AdMobによる、モバイルの普及状況に関するレポートがあちこちで取り上げられている。AdMobは、モバイル向けの広告事業を行っている会社だ。AdMobの提供する広告がどの国のどの端末でどれだけ表示されたか――という情報をもとに、モバイルの普及状況を割り出しているわけだ。

これによると、世界規模では、Android系が1270万なのに対し、iphoneは2930万、iOS系全体では4380万に達するという。――というと、「さすがiphone」と考えてしまうが、しかしこの数値は「異常にAndroidの数が多い」ように思える。Androidは、まともに製品が登場し始めてまだ1年とたたない。なおかつ、本格的に販売しているのは北米ぐらいだろう。それでこの数値というのは、ちょっと信じがたい。AdMobは、現在、Googleの傘下にあるわけで、かなり意図的な形でデータを出してきている可能性はある。

正直、Androidがそう簡単にiphoneに追いつけるわけがないのは、Android陣営もわかったことで、むしろ「本格的な販売開始から1年も立たずにこれだけの勢力になっている」と見るべきだろう。

では、将来、果たしてAndroidはiphoneを超えることができるのか。いや、シェアの上でAndroidがiphoneをいずれ追い抜くだろうことは既に誰もが認めているわけで、もともとシェアということにこだわっていないアップルからすれば、そんなことで勝ち負けをいわれるのは心外だろう。シェアというなら、Android全体ではなく、各社のシェアで考えるべきだ。そうなると、アンドロイド携帯のメーカーでアップル以上のシェアをとれそうなところは今のところまったく見当たらない。そういった意味では、Androidのメーカーが単独でアップルを超えることはまずないだろう。

問題は、影響力だ。たとえトータルのシェアとしてAndroid連合がiphoneを抜いたとしても、どんぐりの背比べ軍団とアップルでは世界への影響力はまるで違う。となれば、たとえAndroid全体でのシェアがiphoneを上回ったとしても、アップルは何ら痛痒は感じない。……はずだった。

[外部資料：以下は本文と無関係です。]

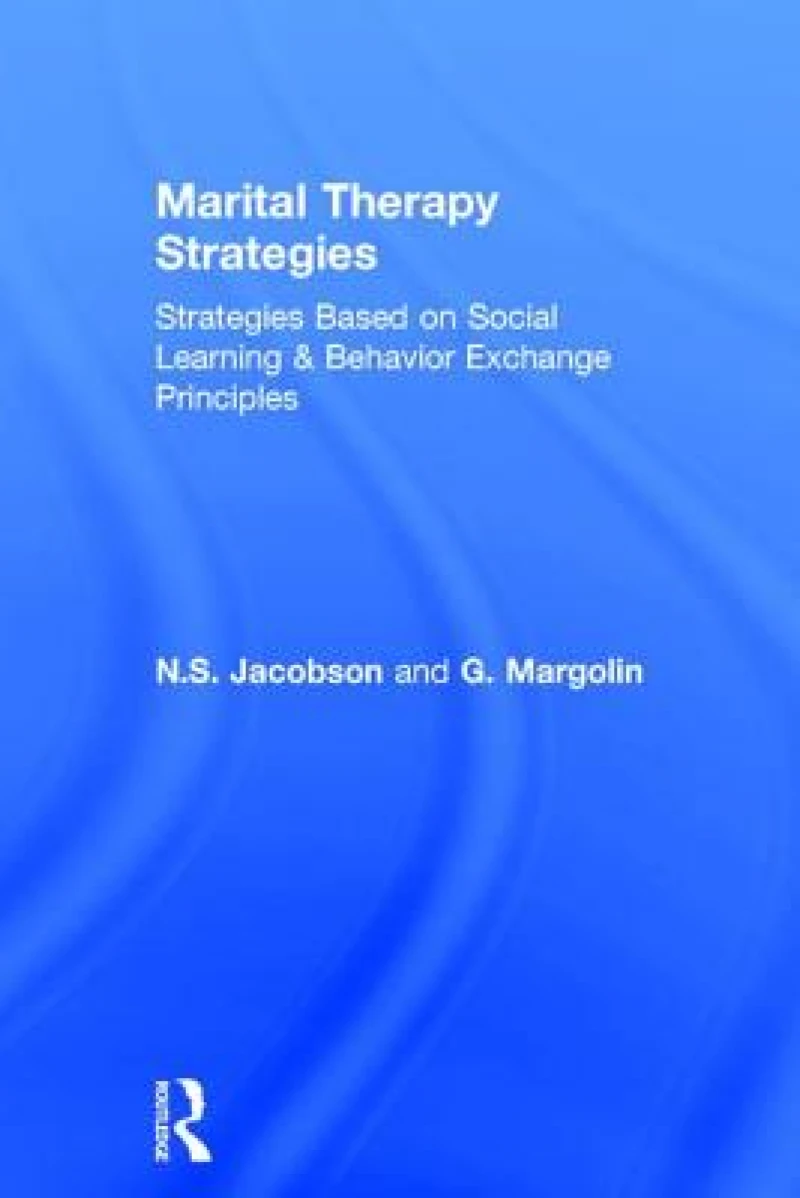 Marital Therapy Strategies Based On Social Learning & Behavior Exchange Principles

だが、このAdMobのレポートを見ていて、「あれ? ひょっとしてアップルの世界における地位は、意外に磐石ではないのでは……」と感じる面があった。それは、「Android Devicces by Country」の項目をみた時だ。Android端末販売数の国別の統計だ。これによると、

シェア第2位 China。13%。

iphoneの世界における中国の販売数は2%。これに対し、Androidは販売数の13%が中国だ。なんと、米国の次に売れているのが中国なのだ。考えてみれば、中国はAndroidをベースにした独自OSも作成しており、今後、Android系が急速に普及することはまず間違いない。BRICs(ブラジル、ロシア、インド、チャイナ4ヶ国)で、アップルはあまり浸透していない。アップルの高価格路線は、新興国ではどうしても分が悪い。勢い、先進諸国中心の販売戦略とならざるを得ない。

Androidは、低価格路線が可能だ。AndroidのOSそのものも、高機能を追求する3.0とは別に、手頃なハードで動かせる2.2路線を並行してリリースしていくという。これは明らかに「新興国への廉価版の販売」を意識している。なにしろメーカー自体が中国だったりするのだから、これらの市場におけるAndroidの優位性はいうまでもないだろう。

僕らは、常に米国を見て暮らしている。特にIT関係においては、米国で認められることが世界に認められることだ、と思い込んでいる。だが米国は(先進性という点では確かにもっとも重要な国ではあるけれど)世界におけるもっとも重要な市場というわけではない。世界で一番重要な市場は、誰が考えてもこれからは「中国」だろう。

中国市場を制するOSが世界を制する。いずれ、そうなる。iphoneは、はたしてそのような時代となって以後も今のような影響力を保ち続けることができるだろうか?